→ **WORK REQUEST**
Your answer is the lines below, exactly, from the one that contains "Tail Light Lens & Reflector Kit" through the one that contains "بررسی طرح تعاون", both included.

→ **ENTRIES SUPPLIED**
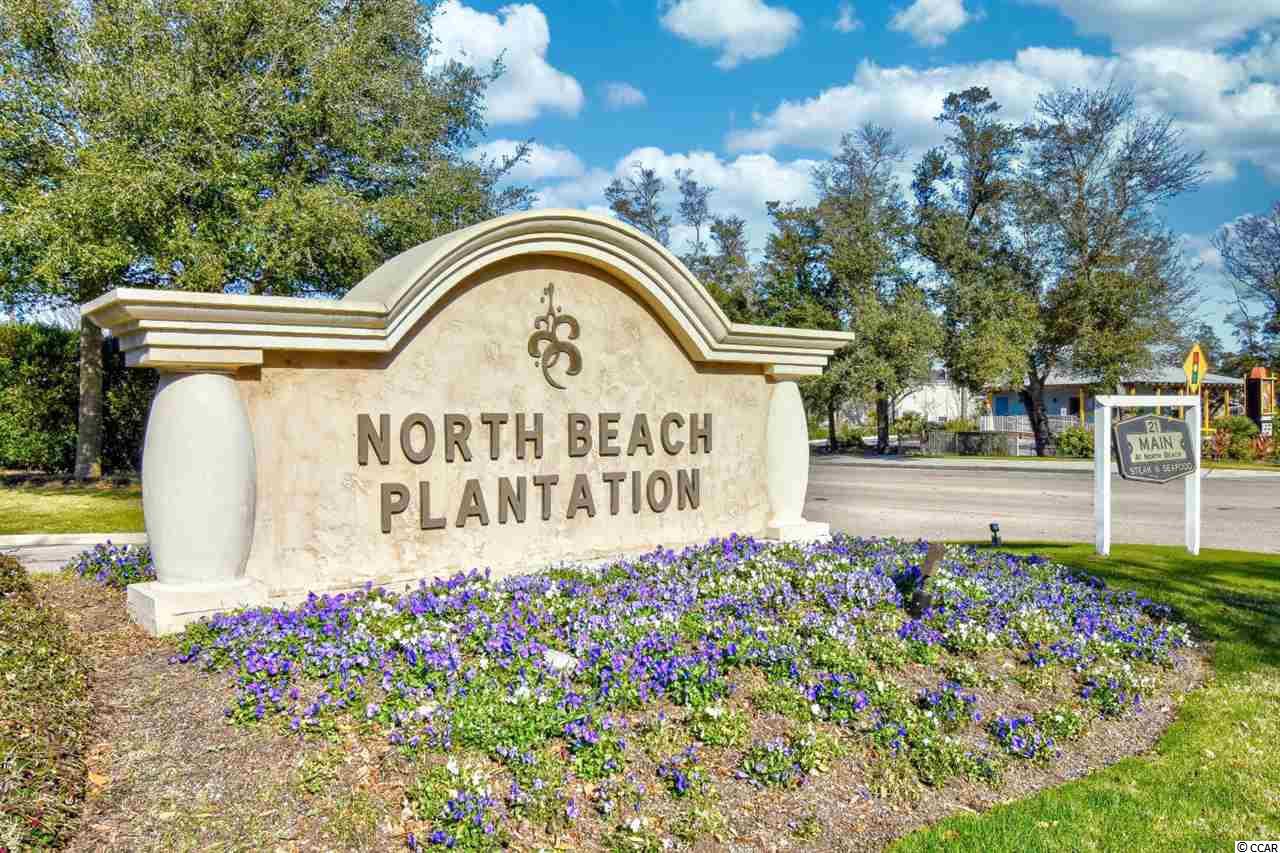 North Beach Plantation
---
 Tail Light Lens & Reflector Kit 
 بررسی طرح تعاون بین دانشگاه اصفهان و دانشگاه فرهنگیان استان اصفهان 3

→ **EXERCISE RESPONSE**
 Tail Light Lens & Reflector Kit 
 بررسی طرح تعاون بین دانشگاه اصفهان و دانشگاه فرهنگیان استان اصفهان 3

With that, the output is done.